Dallas Fed Confirms Economic Re-Contraction, Respondents Complain About "Record Low Margins"

And following the continuing plunge in new homes for sale reported earlier, we get the second validation of the theory that the Q2 GDP is about to get the rug pulled from underneath it. The April Dallas manufacturing number came precisely at the borderline we expected earlier would mean an outright downgrade of Q2 economic data by Goldman, or 10.5%. Of note: The production index, a key measure of state manufacturing conditions, moved down from 24 to 8, suggesting slower growth in output." We thing the proper word is "plunged." This is as expected considering our long held assumption that the Japanese economic collapse is already impacting the US. In addition to production, other indicators that saw a collapse were volume of shipments, down 10.9 and the average employee workweeks, which tumbled by over 13. But at least Bernanke is getting his hyperinflation wet dream on: average wages increased by 4. Probably the most important index: prices paid, barely budged, printing at 56.6 compared to 57.2 last month.
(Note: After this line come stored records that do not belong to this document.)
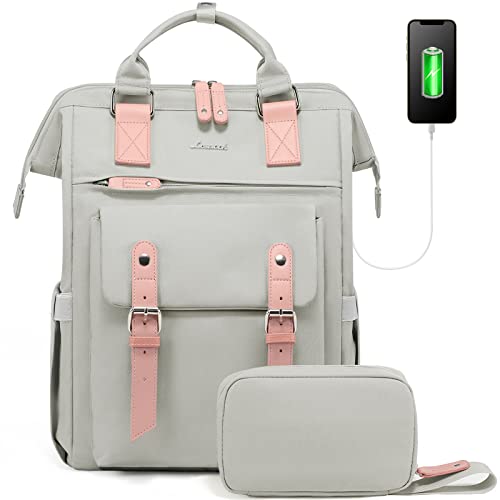 Laptop Backpack, 15.6 Inch School Backpack Teen with Data Cable Pouch & USB Charging Port, Waterproof Backpack Bag School Bag for School Uni Office Business Travel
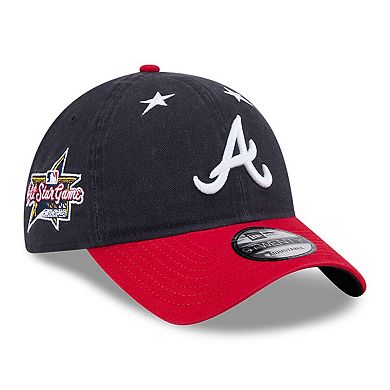 Men's New Era Navy/Red Atlanta Braves 2025 MLB All-Star Game 9TWENTY Adjustable Hat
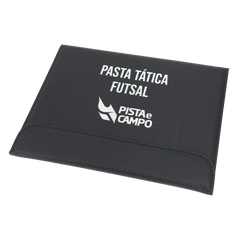 Prancheta tática magnética com caneta para treinamento de futsal Pista e Campo - Modelo pasta preta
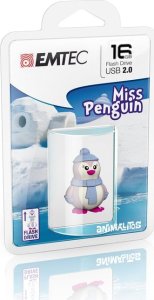 Pendrive Emtec Emtec Miss Penguin pamięć USB 16 GB USB Typu-A 2.0 Niebieski, Fioletowy, Biały 1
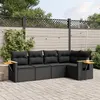 Image de vidaXL Salon de Jardin avec Coussins 5 pcs, Canapés de Terrasse, Ensemble de Meubles de Patio, Mobilier d'Extérieur, Noir 3259185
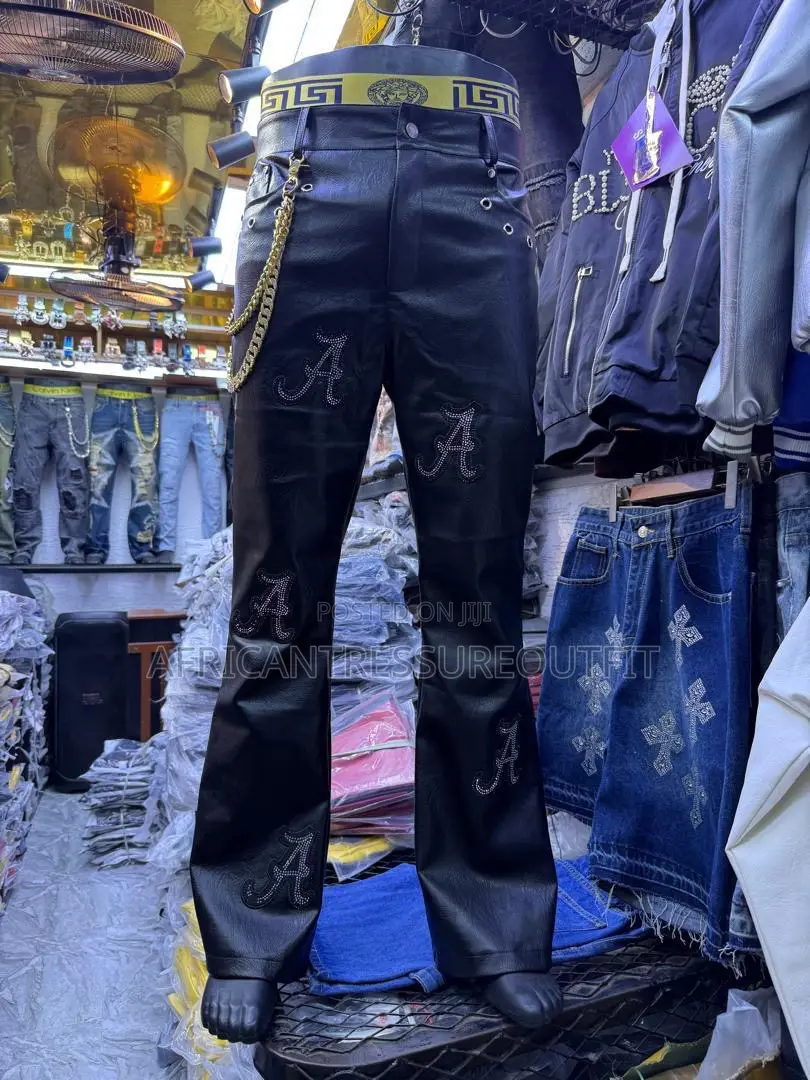 Chrome Leather Jeans Collection Available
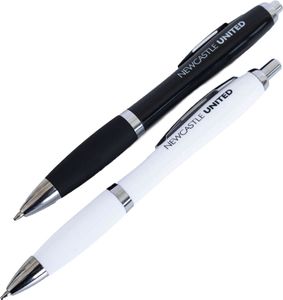 Newcastle United FC - Pero Click Pen 2-Pack TA12257 (jedna veľkosť) (čierna/biela)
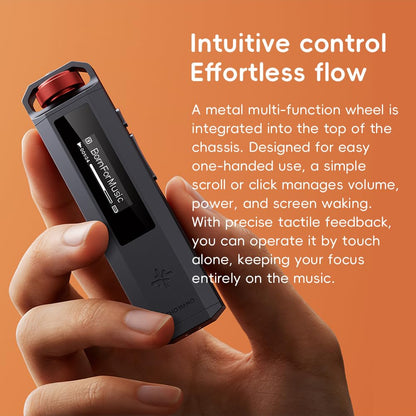 Reproductor de Música Retro HiFi FiiO SNOWSKY Echo Nano (Negro)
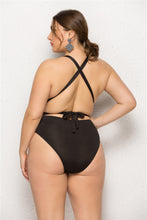 Load image into Gallery viewer, Classic Deep Plunge Mallot with Strappy Back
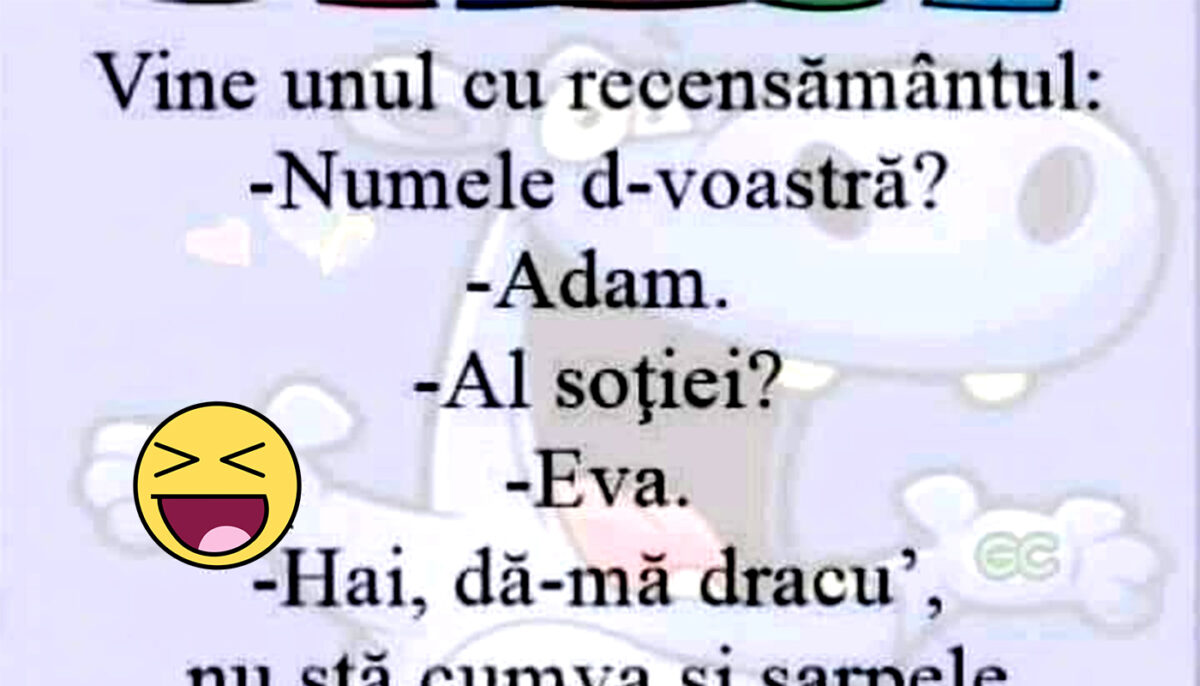 Imagine Stire BANCUL ZILEI | Adam, Eva și recensământul populației | 2review.ro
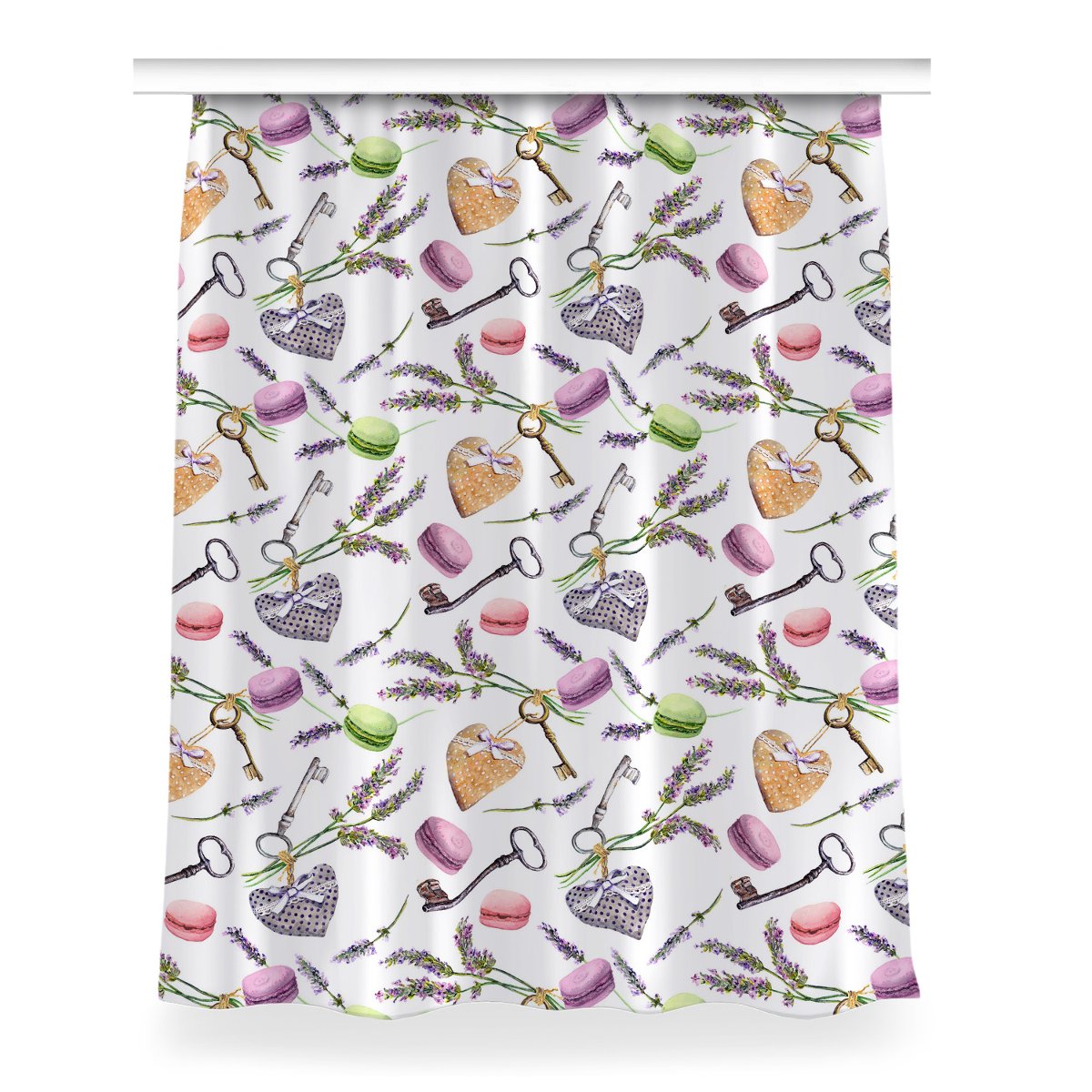 Zasłona gotowa Stare klucze retro dekor 150x200 cm, Fabricsy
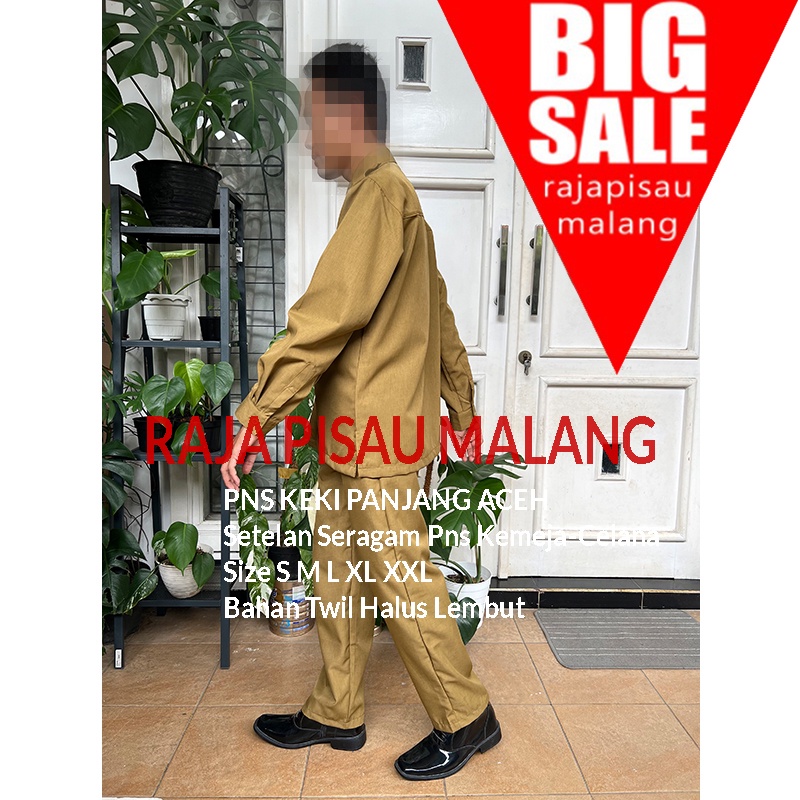 RPM stelan baju pns/kheki/pemda lengan panjang - bahan safari halus dan lembut murah bandung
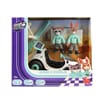 Mille Bornes Challenge Vehicle & Figure Playset - Quinn & Charlie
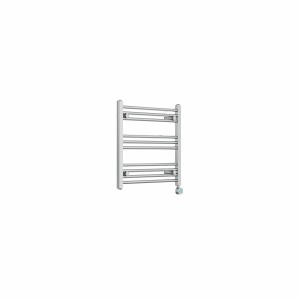 Bergen 600 x 600mm Straight Chrome Thermostatic Touch Control Electric Heated Towel Rail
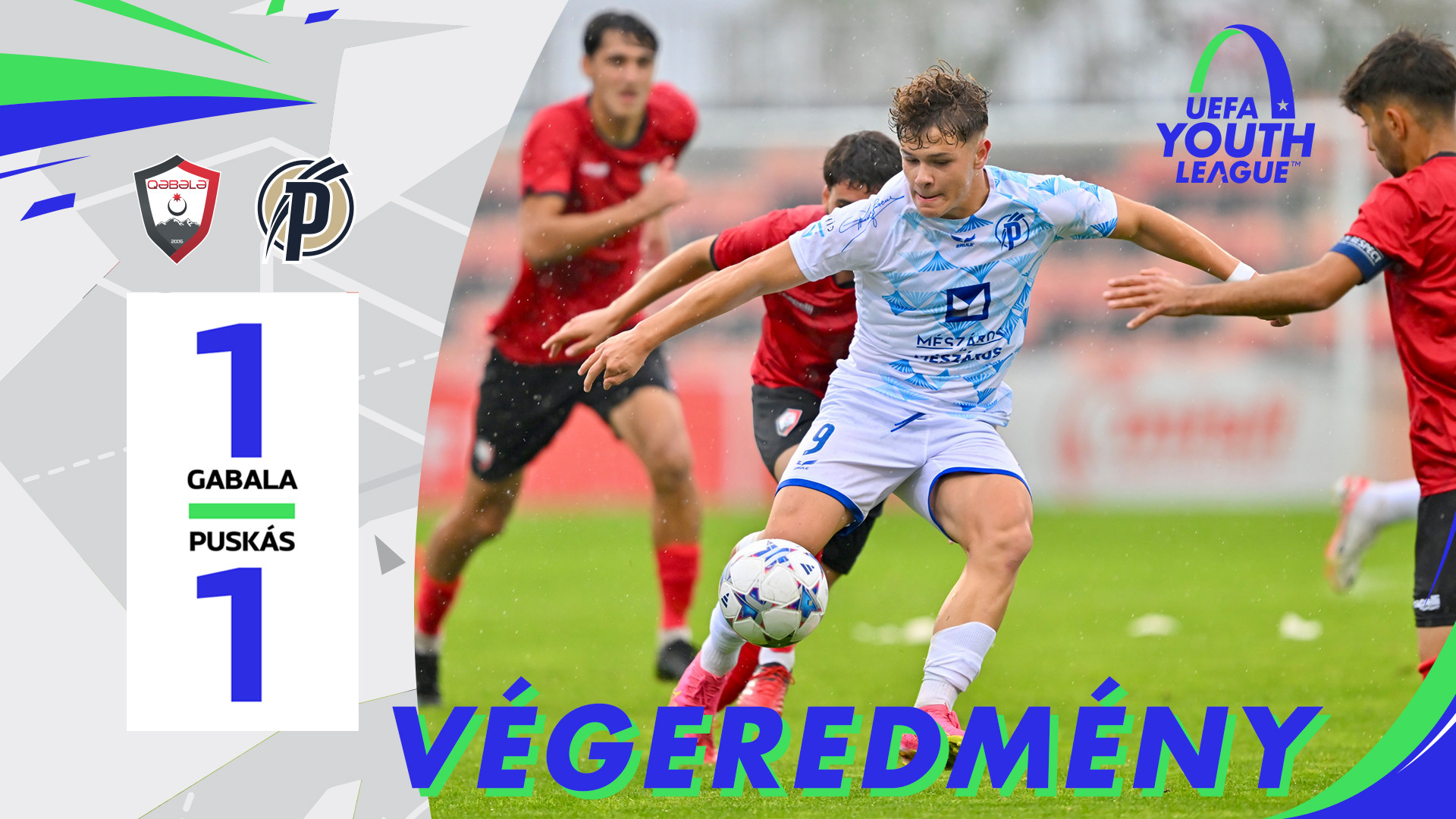 Youth League: döntetlen az első meccsen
We are confident that Hatzius will have some very unpleasant words when commenting on this latest contractionary data point. As for the respondents, they confirmed that the bulk of the broader inflation is about to hit, as manufacturers can no longer internalize plunging margins. To wit: "From a cost standpoint, commodity prices continue to increase, negatively impacting material and delivery costs. As a result, we are in the process of taking a price increase to the market, which should occur in May" and "Our sales are up, but our cost of goods sold and the cost of diesel are keeping our margins at record lows" and, FTW: "Rapidly increasing costs and fuel costs have shocked the consumer away from any nonmandatory spending." Pretty much says it all.

From the Dallas Fed:

Sufrvey respondents:

Plastics and Rubber Products Manufacturing
We are very encouraged by the breadth of activity with our cross section of customers in the Dallas–Fort Worth area. It is not just a few companies with increased requirements for plastic parts, but pretty much all of our diverse customer base.

Nonmetallic Mineral Product Manufacturing
We have seen a modest increase in demand with existing customers. We have also added some new customers as a result of competitor failures. From a cost standpoint, commodity prices continue to increase, negatively impacting material and delivery costs. As a result, we are in the process of taking a price increase to the market, which should occur in May. Our future expectations remain guardedly optimistic.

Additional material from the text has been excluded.